親に捨ててもらいたいものを、せがんでもらって、自分が捨てるのです。

「タッパー、古くなっちゃって買い替えたいと思うんだけど、ここに入っているのもらっていい?」と言って、もらったタッパーを自宅で速攻で捨てます。

ただ、この方法は手間がかかるし、自分のストレスが増えるリスクがあがります。なぜなら

・親に嘘をつき続けることになる

・自分の仕事が増える

・親が新しいタッパーを一揃い送ってくる恐れがある

こんな可能性があるからです。

他の方法を試みても、何1つ、改善しないときだけ試してください。

6.帰省するたびに一緒に片付ける(効果あり)

これは私がやっている方法です。里帰りするたびに、母親と実家にあるものを捨てています。

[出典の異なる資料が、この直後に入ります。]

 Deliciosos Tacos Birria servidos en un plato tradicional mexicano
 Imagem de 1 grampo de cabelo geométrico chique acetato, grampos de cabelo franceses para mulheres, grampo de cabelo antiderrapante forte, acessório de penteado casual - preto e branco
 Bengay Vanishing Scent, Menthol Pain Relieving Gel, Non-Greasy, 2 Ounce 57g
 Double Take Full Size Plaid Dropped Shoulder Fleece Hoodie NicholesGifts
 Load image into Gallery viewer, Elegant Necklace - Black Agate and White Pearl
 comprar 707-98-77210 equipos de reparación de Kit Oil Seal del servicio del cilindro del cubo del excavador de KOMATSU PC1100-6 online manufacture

詳しくはこちらをどうぞ⇒「実録・親の家を片付ける」のまとめ

不用品を捨てれば、キッチンも居間もすぐに使いやすくなるので、親に、「シンプルに暮らすよさ」を実感してもらえます。

いいコミュニケーションの機会になるので、やってみてください。

ただし、強制は禁物です。

その家の主(あるじ)は親で、あなたはあくまでアシスタント。主の指示に従ってください。

■関連記事もどうぞ

なぜ実家は物だらけなのか? シニアが物をため込む理由(前編)

巣立った子供の物がありすぎる~シニアが物をため込む理由(後編)

実家の片付け、どこから手をつける?親の家を断捨離する10のコツ

******

長期的な視野に立って、実家にある物を減らしていく戦略をお伝えしました。

早めに着手したほうがあとが楽ですよ。